Announcement news releases have their place, of course. If you have moved or hired someone new or are introducing a product, the format is pretty cut-and-dried – and dry. But these releases are treated accordingly, usually getting an inch or two somewhere on a “business news” page.
The ideal result from a news release is to get an article written about you (or a news/feature item about your company broadcast) or to have your news release appear as an article.
Because free media publicity gives you more credibility than you could buy with $10,000 in advertising. It says that the media see you as legitimately newsworthy, as an expert source and as someone with a valuable product or service of interest to their audience.
When you decide to put out a news release, keep these tips in mind:
• Ask yourself, what is it about my service or product that sets it apart from my competitors and has mass appeal? I suggest polling people outside your company as well, because you may be so close to the subject that you don’t even know the answer.
• Keep your news release short – no more than two pages double-spaced. If you can’t tell your story in that space then you’re either being too wordy or trying to cover too much at once.
• Think of a bright, enticing introduction that is NOT blatantly self-promoting.
• Avoid grandiose words (like "grandiose").
• Stay away from trite, overused words like “fabulous” and “wonderful.” Stick to the facts.
• Include the name and number of a contact person who will be available to respond readily to media inquiries.
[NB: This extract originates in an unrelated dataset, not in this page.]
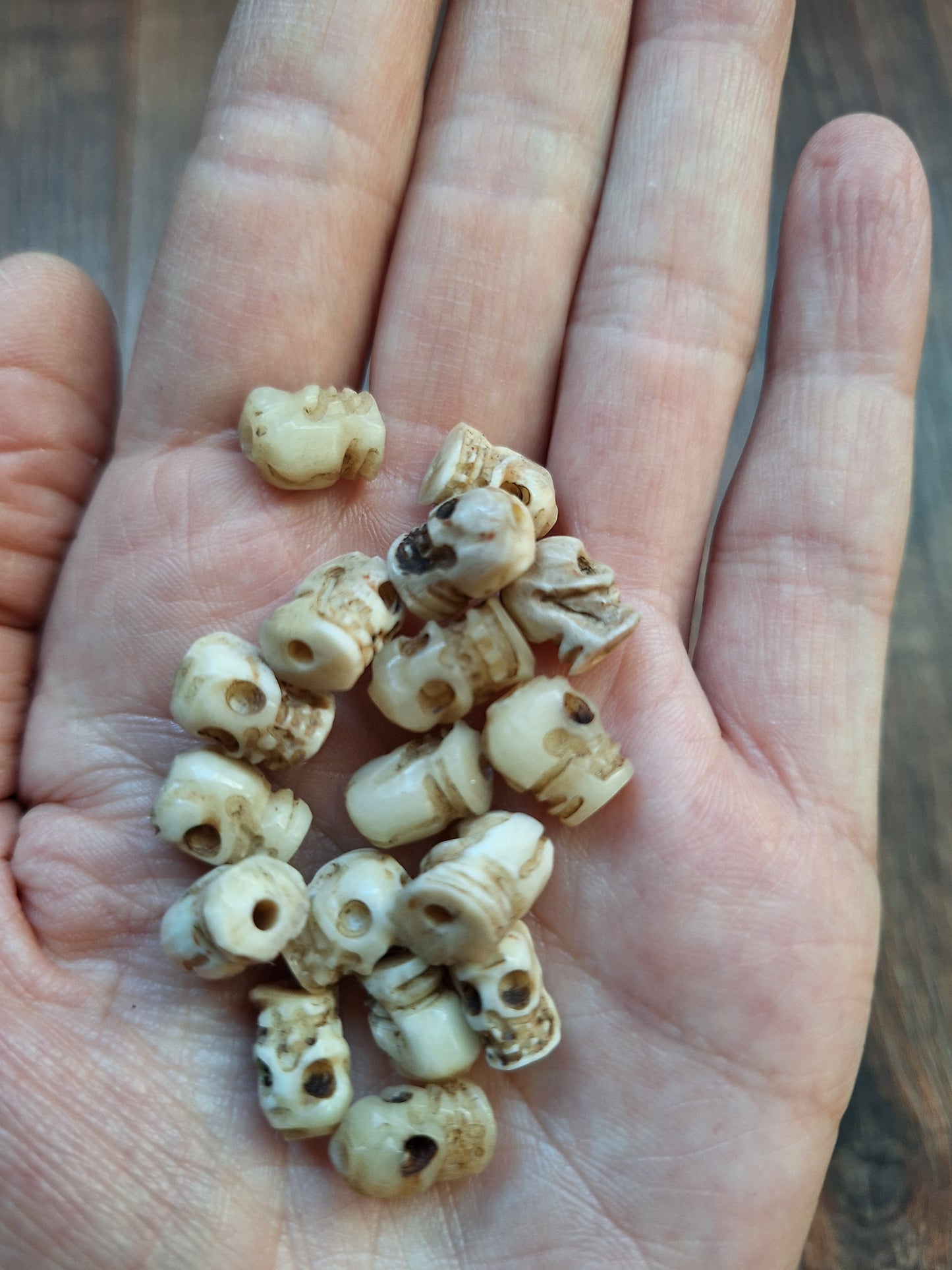 Old Nepalese bone carved skull beads, set of 17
• Make follow-up calls. You’d be surprised how many people say they never received the news release or who tell you they were planning to call but misplaced the release.
• Hang tough if you don t get the results right away that you hoped for. It often takes several attempts to score a “hit.” A series of well-planned news releases over a period of a few months will often pan out eventually – as long as that media’s audience is potentially interested in what you do.